[Opening Extracted entries section]

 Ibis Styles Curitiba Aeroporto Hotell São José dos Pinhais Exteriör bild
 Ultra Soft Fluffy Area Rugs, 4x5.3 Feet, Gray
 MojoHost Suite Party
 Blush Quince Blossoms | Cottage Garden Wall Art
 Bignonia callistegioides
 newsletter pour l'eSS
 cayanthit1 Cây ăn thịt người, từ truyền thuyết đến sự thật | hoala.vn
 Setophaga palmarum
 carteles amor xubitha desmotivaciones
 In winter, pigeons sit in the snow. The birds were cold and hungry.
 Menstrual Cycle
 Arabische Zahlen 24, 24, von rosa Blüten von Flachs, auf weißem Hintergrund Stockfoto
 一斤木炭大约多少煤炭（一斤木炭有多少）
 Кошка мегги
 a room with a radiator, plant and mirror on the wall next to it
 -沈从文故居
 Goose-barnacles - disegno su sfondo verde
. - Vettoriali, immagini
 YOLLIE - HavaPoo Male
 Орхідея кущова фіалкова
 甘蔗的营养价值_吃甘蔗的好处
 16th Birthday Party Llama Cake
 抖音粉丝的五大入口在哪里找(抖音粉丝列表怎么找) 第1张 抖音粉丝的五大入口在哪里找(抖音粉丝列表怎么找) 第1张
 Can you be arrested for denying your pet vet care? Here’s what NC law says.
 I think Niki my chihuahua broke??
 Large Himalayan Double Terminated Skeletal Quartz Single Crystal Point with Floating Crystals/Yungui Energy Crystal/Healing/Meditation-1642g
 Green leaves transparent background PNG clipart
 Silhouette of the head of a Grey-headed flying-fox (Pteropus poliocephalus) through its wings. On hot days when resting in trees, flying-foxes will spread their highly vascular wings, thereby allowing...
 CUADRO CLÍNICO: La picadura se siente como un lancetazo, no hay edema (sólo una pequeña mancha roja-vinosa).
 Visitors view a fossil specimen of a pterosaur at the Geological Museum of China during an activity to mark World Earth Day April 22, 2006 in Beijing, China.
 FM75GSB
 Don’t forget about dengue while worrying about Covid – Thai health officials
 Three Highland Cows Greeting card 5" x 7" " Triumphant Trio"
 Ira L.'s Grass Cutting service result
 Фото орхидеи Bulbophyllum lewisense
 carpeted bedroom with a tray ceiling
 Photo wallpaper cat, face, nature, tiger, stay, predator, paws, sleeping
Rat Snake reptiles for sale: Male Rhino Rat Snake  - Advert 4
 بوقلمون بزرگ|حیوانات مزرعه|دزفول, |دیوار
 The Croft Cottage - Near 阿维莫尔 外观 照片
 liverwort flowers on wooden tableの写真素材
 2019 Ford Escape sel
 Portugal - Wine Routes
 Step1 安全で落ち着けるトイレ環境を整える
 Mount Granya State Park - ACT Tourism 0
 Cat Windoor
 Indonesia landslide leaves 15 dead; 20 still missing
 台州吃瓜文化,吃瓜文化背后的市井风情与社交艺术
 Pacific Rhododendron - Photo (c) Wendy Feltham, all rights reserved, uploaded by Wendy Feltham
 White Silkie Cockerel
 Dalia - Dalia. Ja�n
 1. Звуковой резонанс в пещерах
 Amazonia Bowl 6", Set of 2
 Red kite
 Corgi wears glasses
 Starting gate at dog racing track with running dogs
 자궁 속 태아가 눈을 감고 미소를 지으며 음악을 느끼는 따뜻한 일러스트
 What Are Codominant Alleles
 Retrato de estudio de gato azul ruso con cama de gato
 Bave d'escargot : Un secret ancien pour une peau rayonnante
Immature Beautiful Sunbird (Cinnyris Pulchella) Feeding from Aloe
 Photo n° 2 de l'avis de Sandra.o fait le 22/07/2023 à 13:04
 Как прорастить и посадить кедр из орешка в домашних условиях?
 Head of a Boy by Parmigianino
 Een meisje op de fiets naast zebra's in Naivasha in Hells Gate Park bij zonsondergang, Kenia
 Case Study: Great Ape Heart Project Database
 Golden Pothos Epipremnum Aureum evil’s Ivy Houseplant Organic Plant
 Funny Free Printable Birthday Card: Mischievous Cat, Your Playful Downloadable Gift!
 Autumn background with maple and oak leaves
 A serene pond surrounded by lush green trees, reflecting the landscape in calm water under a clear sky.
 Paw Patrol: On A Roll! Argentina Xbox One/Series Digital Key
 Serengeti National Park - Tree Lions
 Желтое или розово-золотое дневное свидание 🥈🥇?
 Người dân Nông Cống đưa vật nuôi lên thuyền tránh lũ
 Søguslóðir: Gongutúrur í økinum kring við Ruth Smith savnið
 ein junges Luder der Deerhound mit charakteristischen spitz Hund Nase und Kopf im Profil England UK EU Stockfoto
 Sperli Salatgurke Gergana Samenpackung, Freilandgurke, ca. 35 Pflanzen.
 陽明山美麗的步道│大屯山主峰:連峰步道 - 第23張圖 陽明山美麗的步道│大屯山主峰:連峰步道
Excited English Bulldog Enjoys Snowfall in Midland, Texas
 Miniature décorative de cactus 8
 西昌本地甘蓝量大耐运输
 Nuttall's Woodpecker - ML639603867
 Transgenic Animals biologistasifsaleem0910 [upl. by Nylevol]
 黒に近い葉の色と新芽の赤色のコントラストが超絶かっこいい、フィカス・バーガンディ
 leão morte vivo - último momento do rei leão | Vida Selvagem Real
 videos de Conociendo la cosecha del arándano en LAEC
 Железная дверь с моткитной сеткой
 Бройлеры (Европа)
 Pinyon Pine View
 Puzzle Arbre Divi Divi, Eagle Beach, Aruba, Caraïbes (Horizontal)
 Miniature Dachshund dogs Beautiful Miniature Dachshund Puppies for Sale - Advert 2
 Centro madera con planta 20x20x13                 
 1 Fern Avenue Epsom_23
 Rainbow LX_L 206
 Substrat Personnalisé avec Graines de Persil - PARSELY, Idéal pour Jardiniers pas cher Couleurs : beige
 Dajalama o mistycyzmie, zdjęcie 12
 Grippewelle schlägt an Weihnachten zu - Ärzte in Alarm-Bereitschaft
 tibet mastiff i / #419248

[Closing Extracted entries section]

• **Problem statement**:
Look through the data above. Find each line with the string "trees" and copy it.

• **Expected output**:
 Silhouette of the head of a Grey-headed flying-fox (Pteropus poliocephalus) through its wings. On hot days when resting in trees, flying-foxes will spread their highly vascular wings, thereby allowing...
 A serene pond surrounded by lush green trees, reflecting the landscape in calm water under a clear sky.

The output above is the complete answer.